Davis is appealing the District Court of Guam’s Jan. 9 dismissal of his lawsuit, challenging the Guam Election Commission’s refusal to allow him to register for the yet-to-be scheduled plebiscite on Guam’s political status.

“This court should reverse the district court’s decision dismissing the case and hold that Mr. Davis has standing to pursue his claims, which are ripe now,” Cox wrote, arguing that the plebiscite law’s voting qualification violates the Fifteenth and Fourteenth Amendments, as well as Guam’s Organic Act.

Davis took the first step toward appealing Chief Federal Judge Frances Tydingco-Gatewood’s ruling by filing a notice of appeal on Feb. 2. Cox, former deputy assistant attorney general under the Bush administration who leads Davis’ legal team, filed the arguments on Tuesday on behalf of Davis “individually and on behalf of all others similarly situated.”

“This court can and should address the merits of Mr. Davis’ claims without the need for a remand,” Cox said, citing the Rice v. Cayetano ruling, in which the U.S. Supreme Court struck down Hawaii’s law restricting eligibility to vote in elections for the Board of Trustees of the Office of Hawaiian Affairs to persons of Native Hawaiian descent.
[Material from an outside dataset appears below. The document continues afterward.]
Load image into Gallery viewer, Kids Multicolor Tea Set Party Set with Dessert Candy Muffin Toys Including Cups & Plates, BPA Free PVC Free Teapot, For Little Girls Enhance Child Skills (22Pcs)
Under Guam’s plebiscite law, the self-determination exercise is restricted to “native inhabitants,” defined as “those who became U.S. citizens by virtue of the 1950 Organic Act and their blood descendants.”

Ripe

In dismissing Davis’ lawsuit, Tydingco-Gatewood ruled that the case was not ripe and that the plaintiff had no claim because “there is no discernible future election in sight.”

“The district court erred in dismissing Mr. Davis’ claims on standing and ripeness grounds,” Cox argued. “It is undisputed that Mr. Davis attempted to register to vote in the plebiscite and was denied that right solely based on his racial ancestry.”

Cox said the district court ignored the injuries Davis suffered for being discriminated racially “when it determined that no injury could occur until the plebiscite had been scheduled.”

Cox said an exclusionary voting requirement is an obvious violation of rights protected by the Fifteenth Amendment.

“The race-based exclusion cannot survive under the Fourteenth Amendment either, as Guam cannot articulate a compelling government interest in limiting participation in the plebiscite to Native Inhabitants,” Cox said.

He also argued that the racial classification is irreconcilable with the anti-discrimination provisions on the Guam Organic Act. “One such provision states that '[n]o discrimination shall be made in Guam against any person on account of race, language, or religion, nor shall the equal protection of the laws be denied.' Another provision requires that '[n]o qualification with respect to property, income, political opinion, or any other matter apart from citizenship, civil capacity, and residence shall be imposed upon any voter,'” Cox wrote.

In asking the appellate court to render an instant ruling, Cox said, “All of Guam’s residents have an interest in and are affected by the results of the plebiscite.”

“Guam’s contrary position would require this court to hold that a longtime Guamanian resident who nonetheless is not a ‘native inhabitant’ is somehow ‘substantially less interested [in] or affected [by]’ the possibility of Guamanian statehood or independence than a native inhabitant who has rarely set foot on Guam, but whose grandfather received U.S. citizenship through the Organic Act,” the legal brief said.